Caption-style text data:
# # #

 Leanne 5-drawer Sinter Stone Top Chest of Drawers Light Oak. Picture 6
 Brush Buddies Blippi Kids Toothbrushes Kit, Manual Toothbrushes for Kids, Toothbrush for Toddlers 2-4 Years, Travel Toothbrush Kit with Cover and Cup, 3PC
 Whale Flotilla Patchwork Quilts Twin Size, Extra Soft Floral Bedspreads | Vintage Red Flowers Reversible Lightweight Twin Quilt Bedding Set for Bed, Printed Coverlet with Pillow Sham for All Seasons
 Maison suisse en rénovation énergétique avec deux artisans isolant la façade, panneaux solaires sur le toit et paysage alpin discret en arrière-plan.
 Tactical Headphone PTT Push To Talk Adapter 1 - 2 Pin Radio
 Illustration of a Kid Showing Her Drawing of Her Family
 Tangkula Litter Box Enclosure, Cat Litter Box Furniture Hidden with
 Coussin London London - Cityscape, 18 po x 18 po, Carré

# # #

» WHAT IS BEING ASKED
Find the number of lines above that hold the word "with", then write that number by itself.

» EXERCISE ANSWER
3